--- Data below Enclosed Below ---

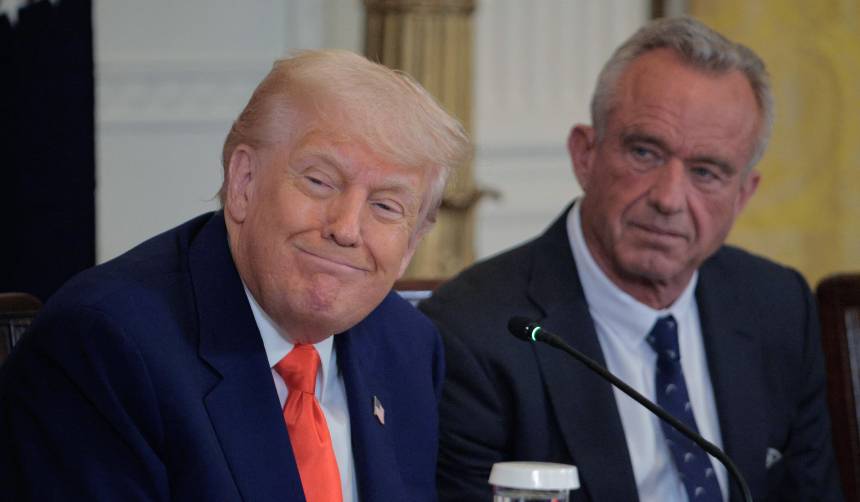 Trump amenaza con nuevos aranceles a la Unión Europea y a Apple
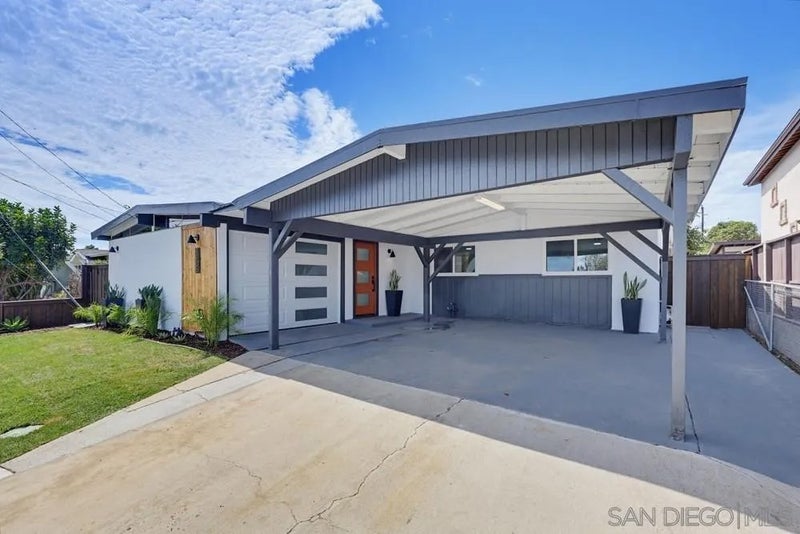 3906 Mount Ainsworth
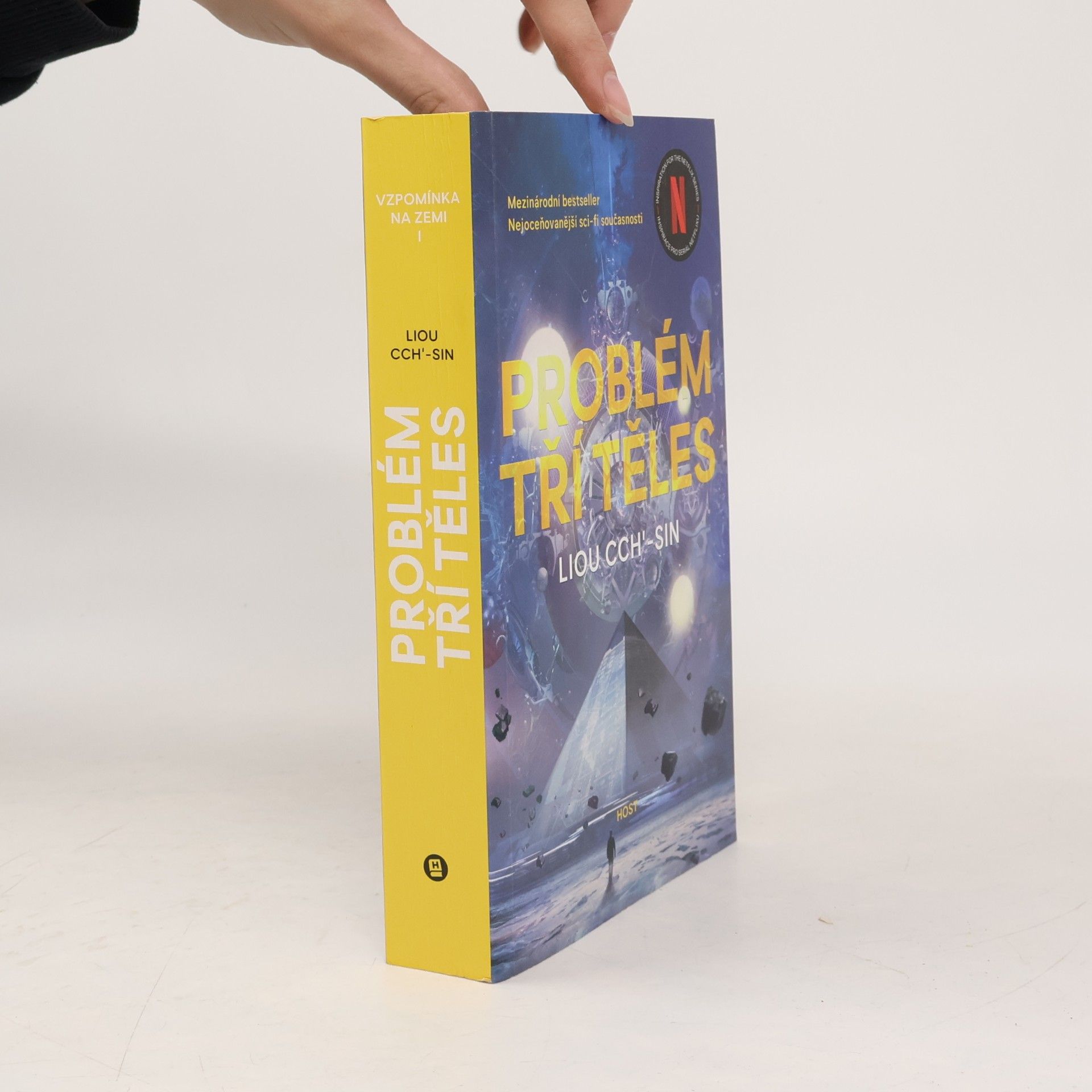Liu Cixin Problém tří těles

--- End of Enclosed Data below ---

- _What you are asked to do_
Restate the whole listing exactly as written, minus the pictures.

- _Output of the task_
 Trump amenaza con nuevos aranceles a la Unión Europea y a Apple
 3906 Mount Ainsworth
Liu Cixin Problém tří těles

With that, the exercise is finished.